Segment Start: DATA SUPPLIED

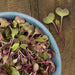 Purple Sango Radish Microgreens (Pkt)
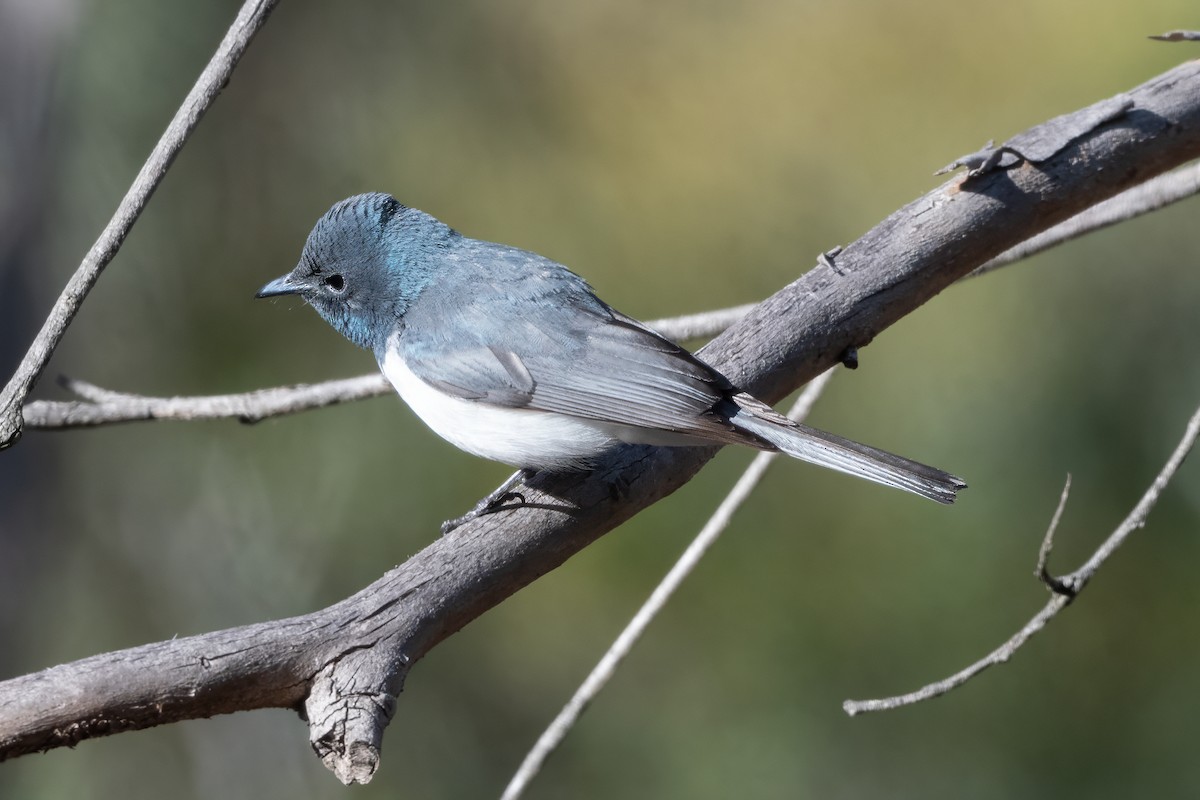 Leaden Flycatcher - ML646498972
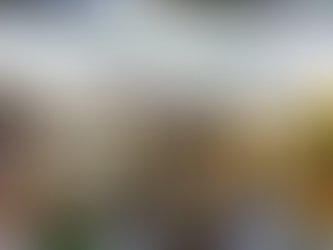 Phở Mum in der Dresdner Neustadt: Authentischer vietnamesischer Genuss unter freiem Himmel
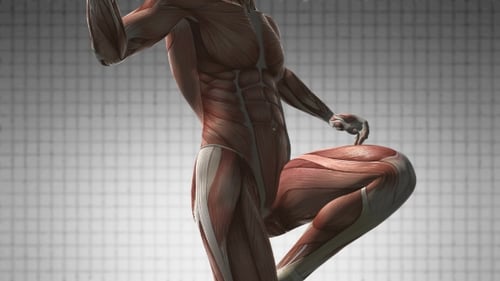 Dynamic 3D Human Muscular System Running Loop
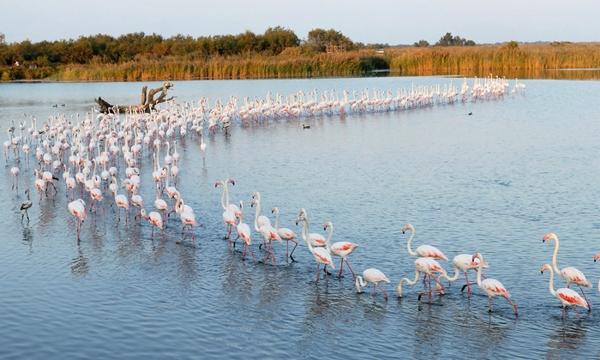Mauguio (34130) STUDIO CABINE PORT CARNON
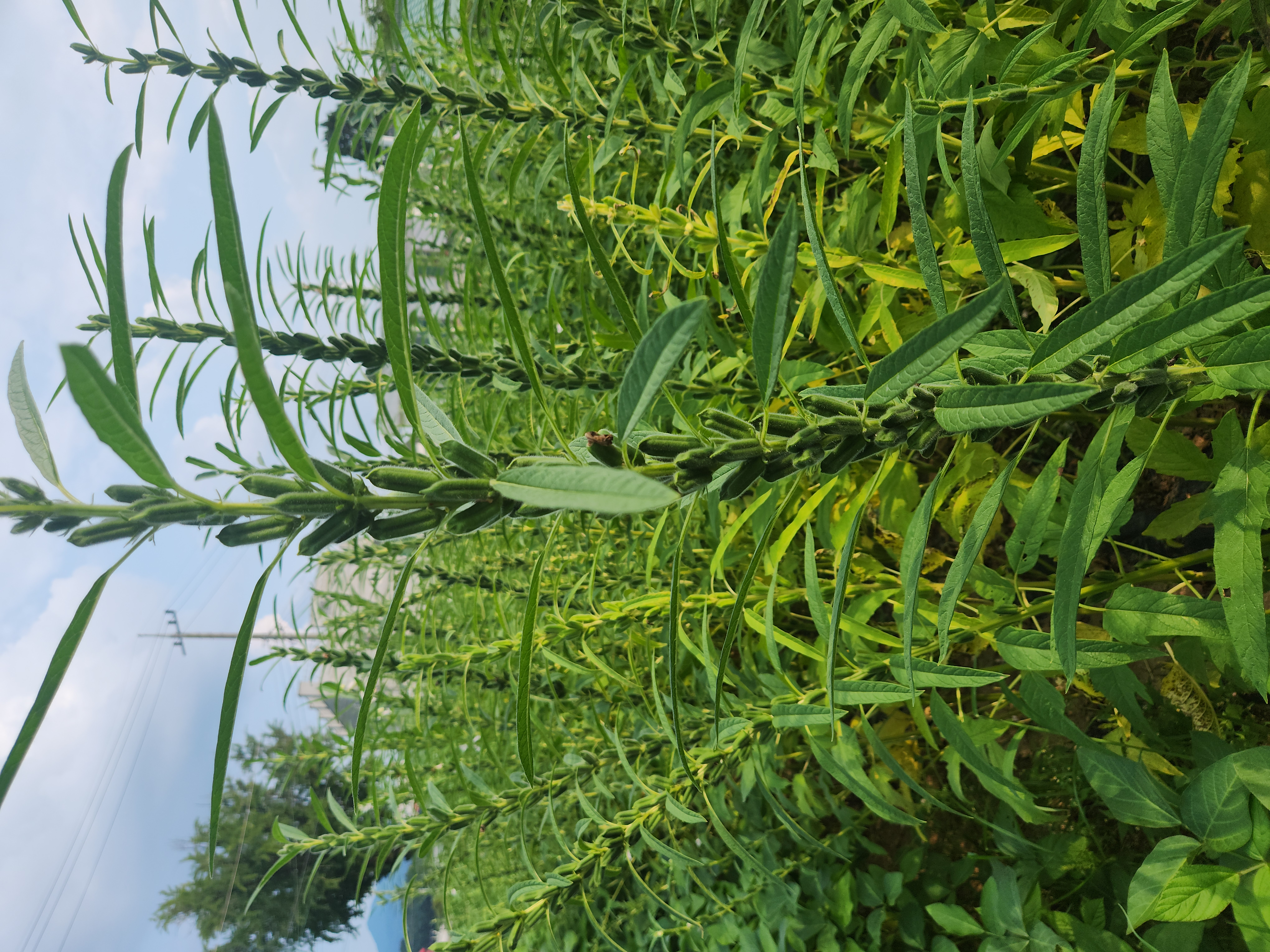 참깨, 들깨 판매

Segment End: DATA SUPPLIED

▶ **TO DO**
Each line of the listing above belongs in the answer exactly as written; the pictures do not.

▶ **SOLVED EXERCISE**
 Purple Sango Radish Microgreens (Pkt)
 Leaden Flycatcher - ML646498972
 Phở Mum in der Dresdner Neustadt: Authentischer vietnamesischer Genuss unter freiem Himmel
 Dynamic 3D Human Muscular System Running Loop
Mauguio (34130) STUDIO CABINE PORT CARNON
 참깨, 들깨 판매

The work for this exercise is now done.